We’d brush-blast then paint, first inside then outside. I still have the surplus military-jacket I used: “
a coat-of-many colors” — all the various paints we used.
There were distractions
galore, mainly pretty girls in skimpy bikinis. My foreman liked the older women: “You can be my wife, honey!”
An “Operating-Engineers” union-steward appeared to protest my operating our small Schramm air-compressor.
Like we’re supposed pay some dude
megabucks to stand there all day
and watch. I always wondered what Myers-and-Watters had to payoff that steward.
Every morning I’d drive to
Delaware Memorial Bridge (single then). My foreman picked me up, and we’d charge across to south-Jersey to pick up another Myers-and-Watters employee. (There were three of us.)
Then we’d charge to south-Jersey’s fabulous “shore.”
Later that afternoon we charged home, but usually stopping someplace for a sixpak.
By then I was guzzling a can a day, a
sinner bound for Hell,
brain a-rotting.
But after sweating profusely in the hot sun, and ogling pretty ladies in skimpy bikinis, that beer tasted pretty good.
My foreman spray-paints the water-tower from his spider. (Long-ago photo by BobbaLew.)—I’m sure by now that foreman is
gone.
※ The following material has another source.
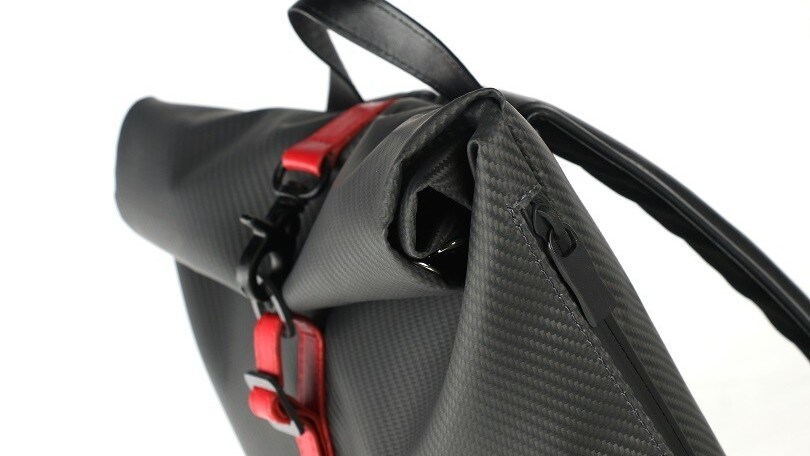 MV Agusta vola con i bagagli firmati TecknoMonster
He smoked, as did most of my fellow painters.
Mahz-N-Wawdz was an
education. Most importantly I learned even the so-called
dregs of society, Hillary’s “deplorables,” are pretty good.
That water-tower was my
neatest job, but that first summer on the pipes I met a complete
illiterate. Yet he was
sharp as a tack!
He was also an easy smiler — and
funny.
• The tale of Shadrach, Meshach, and Abednego is a Bible-story. Three Hebrews were cast into a fiery furnace for refusing to bow to King Nebuchadnezzar’s image. They were seen inside unharmed with a fourth, God-like. (A miracle.)